[Scraped caption text data]

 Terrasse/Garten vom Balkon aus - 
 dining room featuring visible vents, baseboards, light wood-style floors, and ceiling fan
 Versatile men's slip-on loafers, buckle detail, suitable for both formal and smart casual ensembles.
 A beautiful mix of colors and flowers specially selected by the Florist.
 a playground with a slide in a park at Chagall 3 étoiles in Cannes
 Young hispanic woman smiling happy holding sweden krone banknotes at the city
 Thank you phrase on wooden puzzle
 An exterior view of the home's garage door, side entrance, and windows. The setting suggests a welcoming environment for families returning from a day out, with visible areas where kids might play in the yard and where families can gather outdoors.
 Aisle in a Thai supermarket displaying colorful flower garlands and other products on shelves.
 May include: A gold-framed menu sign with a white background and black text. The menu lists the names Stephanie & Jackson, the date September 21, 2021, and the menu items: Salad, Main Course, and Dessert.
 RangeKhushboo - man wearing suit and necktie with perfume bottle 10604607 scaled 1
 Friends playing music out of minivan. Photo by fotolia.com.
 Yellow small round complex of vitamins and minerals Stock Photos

Activity:
Each of the entries must be written out again exactly.

Task solution:
 Terrasse/Garten vom Balkon aus - 
 dining room featuring visible vents, baseboards, light wood-style floors, and ceiling fan
 Versatile men's slip-on loafers, buckle detail, suitable for both formal and smart casual ensembles.
 A beautiful mix of colors and flowers specially selected by the Florist.
 a playground with a slide in a park at Chagall 3 étoiles in Cannes
 Young hispanic woman smiling happy holding sweden krone banknotes at the city
 Thank you phrase on wooden puzzle
 An exterior view of the home's garage door, side entrance, and windows. The setting suggests a welcoming environment for families returning from a day out, with visible areas where kids might play in the yard and where families can gather outdoors.
 Aisle in a Thai supermarket displaying colorful flower garlands and other products on shelves.
 May include: A gold-framed menu sign with a white background and black text. The menu lists the names Stephanie & Jackson, the date September 21, 2021, and the menu items: Salad, Main Course, and Dessert.
 RangeKhushboo - man wearing suit and necktie with perfume bottle 10604607 scaled 1
 Friends playing music out of minivan. Photo by fotolia.com.
 Yellow small round complex of vitamins and minerals Stock Photos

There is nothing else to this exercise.